[Data excerpts]
• • • •
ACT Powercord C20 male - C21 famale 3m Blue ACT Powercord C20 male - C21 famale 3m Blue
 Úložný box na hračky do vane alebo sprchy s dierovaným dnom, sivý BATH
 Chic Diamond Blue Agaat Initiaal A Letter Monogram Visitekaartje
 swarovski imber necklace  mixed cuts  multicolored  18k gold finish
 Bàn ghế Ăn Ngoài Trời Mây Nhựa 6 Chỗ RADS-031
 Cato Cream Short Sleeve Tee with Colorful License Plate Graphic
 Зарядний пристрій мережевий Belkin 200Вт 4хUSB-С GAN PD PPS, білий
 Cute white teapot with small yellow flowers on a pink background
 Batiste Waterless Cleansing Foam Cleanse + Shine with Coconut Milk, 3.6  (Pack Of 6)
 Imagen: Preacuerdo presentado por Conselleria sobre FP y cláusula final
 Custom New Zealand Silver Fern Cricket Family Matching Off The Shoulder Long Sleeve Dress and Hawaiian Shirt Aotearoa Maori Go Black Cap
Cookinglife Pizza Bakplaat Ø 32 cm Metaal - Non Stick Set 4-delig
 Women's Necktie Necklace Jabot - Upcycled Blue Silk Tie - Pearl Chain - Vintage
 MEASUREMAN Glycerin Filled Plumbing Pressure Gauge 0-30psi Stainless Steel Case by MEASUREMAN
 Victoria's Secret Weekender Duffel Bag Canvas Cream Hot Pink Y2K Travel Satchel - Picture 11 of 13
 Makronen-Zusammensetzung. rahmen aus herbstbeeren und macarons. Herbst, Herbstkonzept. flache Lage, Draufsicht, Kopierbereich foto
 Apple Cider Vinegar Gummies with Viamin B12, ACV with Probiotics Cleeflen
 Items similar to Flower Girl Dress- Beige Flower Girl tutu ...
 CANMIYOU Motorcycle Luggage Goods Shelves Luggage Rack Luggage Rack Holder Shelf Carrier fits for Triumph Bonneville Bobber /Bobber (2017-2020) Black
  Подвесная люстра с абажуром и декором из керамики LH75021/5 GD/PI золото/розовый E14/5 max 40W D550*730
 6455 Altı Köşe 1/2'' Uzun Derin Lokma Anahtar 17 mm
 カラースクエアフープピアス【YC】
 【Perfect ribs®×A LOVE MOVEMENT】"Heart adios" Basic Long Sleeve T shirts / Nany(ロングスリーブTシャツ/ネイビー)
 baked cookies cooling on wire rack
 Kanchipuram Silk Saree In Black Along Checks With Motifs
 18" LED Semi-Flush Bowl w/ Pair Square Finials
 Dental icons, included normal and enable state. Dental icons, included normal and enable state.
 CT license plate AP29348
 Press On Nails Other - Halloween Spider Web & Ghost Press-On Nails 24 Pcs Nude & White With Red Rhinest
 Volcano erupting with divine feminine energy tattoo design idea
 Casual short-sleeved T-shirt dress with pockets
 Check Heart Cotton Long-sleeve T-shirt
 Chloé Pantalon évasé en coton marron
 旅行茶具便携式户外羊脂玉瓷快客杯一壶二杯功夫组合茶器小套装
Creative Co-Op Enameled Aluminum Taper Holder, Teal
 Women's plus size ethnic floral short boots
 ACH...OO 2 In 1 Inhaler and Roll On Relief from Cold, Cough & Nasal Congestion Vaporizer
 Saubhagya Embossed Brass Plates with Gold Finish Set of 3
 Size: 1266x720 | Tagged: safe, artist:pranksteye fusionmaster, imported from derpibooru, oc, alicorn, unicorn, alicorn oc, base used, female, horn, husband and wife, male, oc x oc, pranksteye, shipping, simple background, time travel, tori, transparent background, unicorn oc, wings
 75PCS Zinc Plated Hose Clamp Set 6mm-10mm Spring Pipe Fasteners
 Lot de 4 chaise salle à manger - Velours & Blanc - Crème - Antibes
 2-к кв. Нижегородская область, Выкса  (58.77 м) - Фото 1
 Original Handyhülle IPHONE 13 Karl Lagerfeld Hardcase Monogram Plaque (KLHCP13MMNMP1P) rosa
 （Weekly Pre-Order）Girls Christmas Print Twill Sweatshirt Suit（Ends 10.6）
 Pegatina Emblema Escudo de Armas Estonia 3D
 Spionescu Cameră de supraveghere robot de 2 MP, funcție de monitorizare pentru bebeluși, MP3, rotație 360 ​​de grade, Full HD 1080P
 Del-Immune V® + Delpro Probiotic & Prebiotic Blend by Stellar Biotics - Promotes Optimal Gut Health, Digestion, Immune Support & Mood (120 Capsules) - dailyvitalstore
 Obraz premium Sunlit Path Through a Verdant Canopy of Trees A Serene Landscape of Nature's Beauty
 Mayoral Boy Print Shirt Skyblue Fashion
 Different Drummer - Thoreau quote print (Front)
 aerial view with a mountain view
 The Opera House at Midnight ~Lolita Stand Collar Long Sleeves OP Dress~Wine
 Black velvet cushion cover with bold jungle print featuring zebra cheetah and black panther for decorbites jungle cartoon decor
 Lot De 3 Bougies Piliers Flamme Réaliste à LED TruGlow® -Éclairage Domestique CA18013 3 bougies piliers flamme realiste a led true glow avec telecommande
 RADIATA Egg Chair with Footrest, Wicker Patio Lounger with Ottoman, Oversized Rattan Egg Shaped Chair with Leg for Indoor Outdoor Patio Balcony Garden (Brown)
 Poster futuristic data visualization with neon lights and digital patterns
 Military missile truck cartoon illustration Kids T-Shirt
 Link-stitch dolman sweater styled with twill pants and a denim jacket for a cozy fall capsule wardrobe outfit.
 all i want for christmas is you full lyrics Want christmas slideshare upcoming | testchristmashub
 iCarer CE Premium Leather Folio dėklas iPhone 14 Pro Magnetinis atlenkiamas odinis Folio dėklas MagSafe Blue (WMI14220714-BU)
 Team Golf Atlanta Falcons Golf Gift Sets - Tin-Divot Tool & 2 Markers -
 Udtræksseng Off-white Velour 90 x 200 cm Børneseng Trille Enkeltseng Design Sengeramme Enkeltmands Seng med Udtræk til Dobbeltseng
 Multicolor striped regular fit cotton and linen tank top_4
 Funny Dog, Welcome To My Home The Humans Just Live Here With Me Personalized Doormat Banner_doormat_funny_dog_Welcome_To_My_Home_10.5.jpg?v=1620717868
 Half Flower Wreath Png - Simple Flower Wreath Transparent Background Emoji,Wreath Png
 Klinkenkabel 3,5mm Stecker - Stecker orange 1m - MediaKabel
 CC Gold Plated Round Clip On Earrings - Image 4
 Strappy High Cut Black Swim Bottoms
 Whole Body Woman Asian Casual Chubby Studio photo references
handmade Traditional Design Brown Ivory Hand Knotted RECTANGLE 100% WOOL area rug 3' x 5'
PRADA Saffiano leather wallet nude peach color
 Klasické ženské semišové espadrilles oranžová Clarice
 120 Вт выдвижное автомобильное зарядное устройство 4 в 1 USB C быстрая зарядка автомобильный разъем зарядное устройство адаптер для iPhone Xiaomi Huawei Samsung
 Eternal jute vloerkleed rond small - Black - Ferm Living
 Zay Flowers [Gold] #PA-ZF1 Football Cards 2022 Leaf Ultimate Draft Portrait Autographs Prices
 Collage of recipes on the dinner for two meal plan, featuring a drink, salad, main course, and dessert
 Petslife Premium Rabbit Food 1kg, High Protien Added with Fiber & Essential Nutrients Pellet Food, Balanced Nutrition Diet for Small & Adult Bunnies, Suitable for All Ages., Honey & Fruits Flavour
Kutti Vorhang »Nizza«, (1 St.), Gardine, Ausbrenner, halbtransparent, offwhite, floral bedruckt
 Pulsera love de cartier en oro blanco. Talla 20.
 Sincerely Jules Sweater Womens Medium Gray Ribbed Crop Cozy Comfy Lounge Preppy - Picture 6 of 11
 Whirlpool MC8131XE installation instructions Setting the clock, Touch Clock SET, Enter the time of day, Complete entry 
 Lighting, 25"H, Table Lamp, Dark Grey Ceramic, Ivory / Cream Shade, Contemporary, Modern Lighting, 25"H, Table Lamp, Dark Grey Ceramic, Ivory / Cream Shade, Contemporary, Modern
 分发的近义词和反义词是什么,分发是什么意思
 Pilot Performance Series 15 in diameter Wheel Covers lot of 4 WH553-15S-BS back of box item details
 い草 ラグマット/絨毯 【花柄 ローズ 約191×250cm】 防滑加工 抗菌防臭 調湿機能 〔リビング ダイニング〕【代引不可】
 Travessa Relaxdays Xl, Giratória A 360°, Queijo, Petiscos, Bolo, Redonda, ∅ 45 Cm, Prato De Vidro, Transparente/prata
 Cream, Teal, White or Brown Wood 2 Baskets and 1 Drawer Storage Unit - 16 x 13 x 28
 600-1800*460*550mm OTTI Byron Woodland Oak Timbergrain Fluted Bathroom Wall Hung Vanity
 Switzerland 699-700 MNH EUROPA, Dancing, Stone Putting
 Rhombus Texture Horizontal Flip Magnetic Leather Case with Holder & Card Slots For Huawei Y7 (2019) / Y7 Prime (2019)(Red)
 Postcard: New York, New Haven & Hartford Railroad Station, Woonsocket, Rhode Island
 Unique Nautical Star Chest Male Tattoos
• • • •
Your answer should consist only of the lines above between the line holding "Imagen: Preacuerdo presentado" and the line holding "Women's Necktie Necklace", inclusive, each transcribed exactly.

 Imagen: Preacuerdo presentado por Conselleria sobre FP y cláusula final
 Custom New Zealand Silver Fern Cricket Family Matching Off The Shoulder Long Sleeve Dress and Hawaiian Shirt Aotearoa Maori Go Black Cap
Cookinglife Pizza Bakplaat Ø 32 cm Metaal - Non Stick Set 4-delig
 Women's Necktie Necklace Jabot - Upcycled Blue Silk Tie - Pearl Chain - Vintage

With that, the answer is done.